▶ About this exercise
Please copy the lines below, exactly as they are, from the one with "Tea Time Kitchen Wall Clocks" through the one with "Snapchat Filters Clipart", and leave out the pictures.

▶ Records for the task
Start of Block

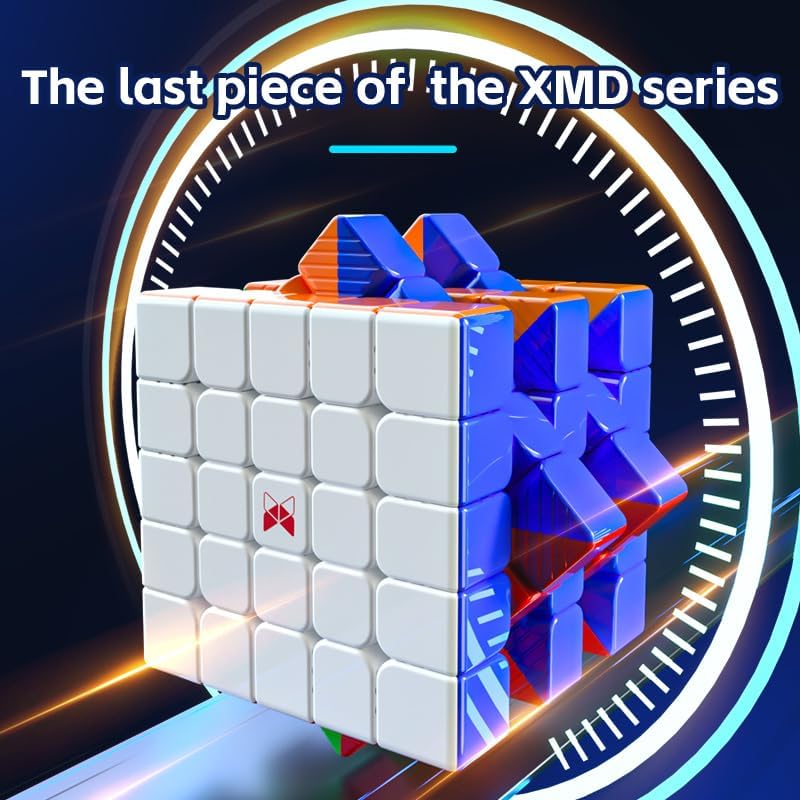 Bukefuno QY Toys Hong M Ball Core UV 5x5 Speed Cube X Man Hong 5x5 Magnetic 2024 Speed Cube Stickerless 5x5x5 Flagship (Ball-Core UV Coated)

End of Block
Start of Block

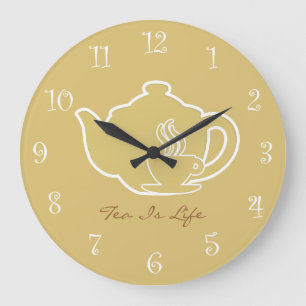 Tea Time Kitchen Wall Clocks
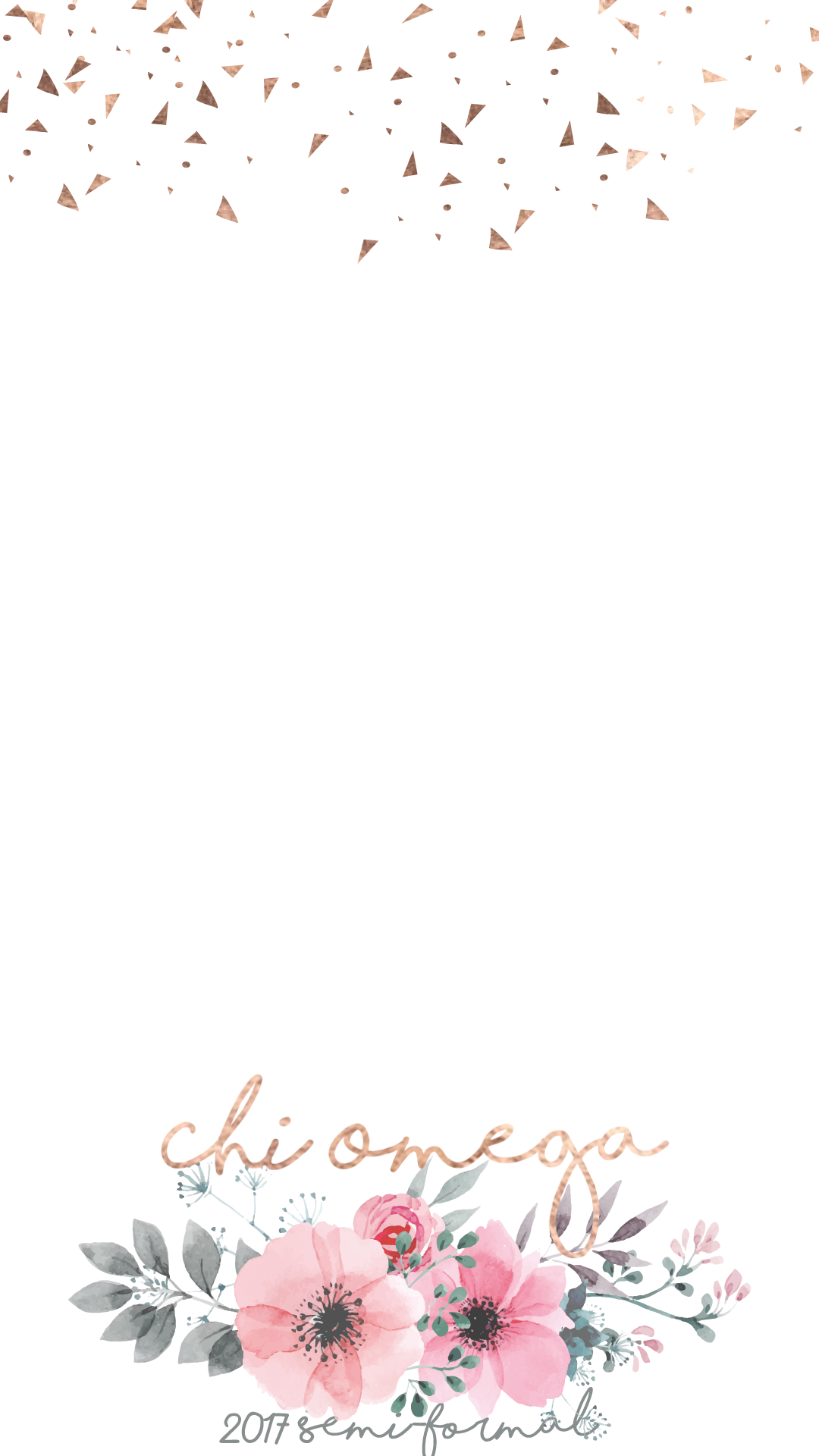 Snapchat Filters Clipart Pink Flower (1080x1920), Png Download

End of Block

▶ Output below
 Tea Time Kitchen Wall Clocks
 Snapchat Filters Clipart Pink Flower (1080x1920), Png Download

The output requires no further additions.